__WHAT IS NEEDED__:
The line that contains "Bar Open Neon" marks the start. Please set it down, with every later line of the data, exactly and without pictures.
--- DATA BELOW Enclosed Below ---
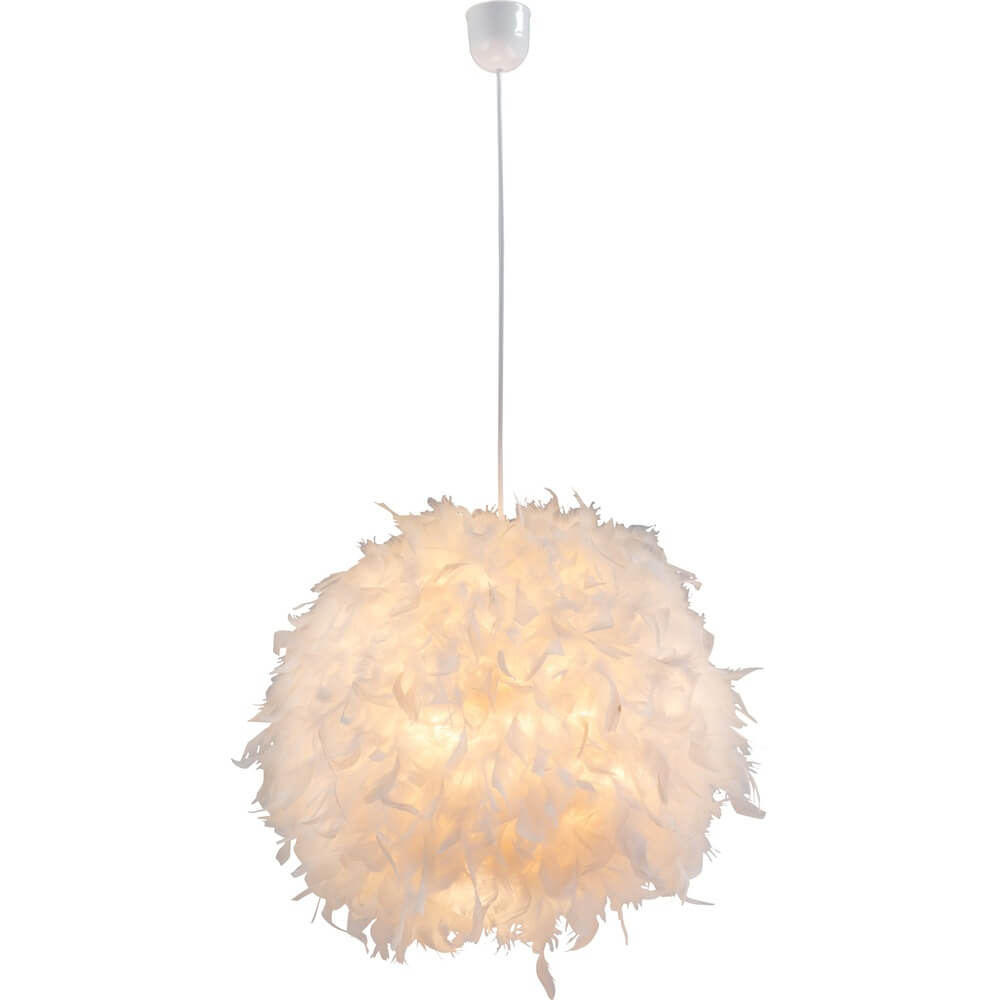 Globo Witte hanglamp Katunga Ø 45cm - 15057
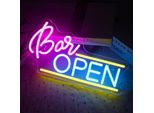 Bar Open Neon Sign Led Lettering Per La Decorazione Della Parete Illuminazione Led Sign Light Neon Sign Per Bar, Club, Feste, Camera Da Letto, Segno Aperto Per La Decorazione Della Parete
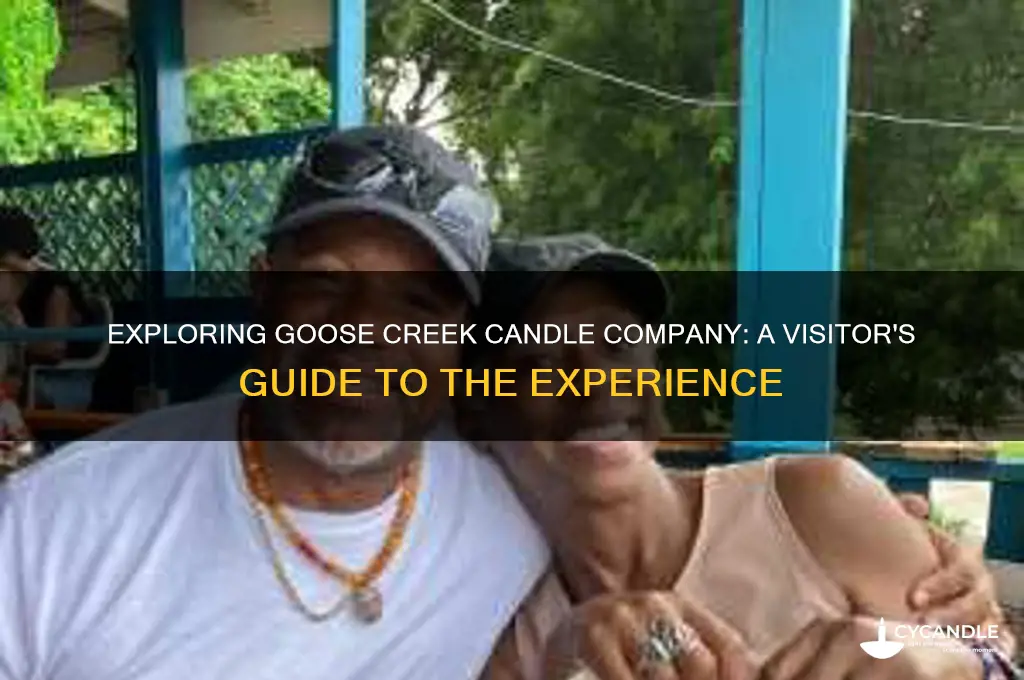 can you go to the goose creek candle company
--- End of Enclosed DATA BELOW ---
__ANSWER BOX__:
 Bar Open Neon Sign Led Lettering Per La Decorazione Della Parete Illuminazione Led Sign Light Neon Sign Per Bar, Club, Feste, Camera Da Letto, Segno Aperto Per La Decorazione Della Parete
 can you go to the goose creek candle company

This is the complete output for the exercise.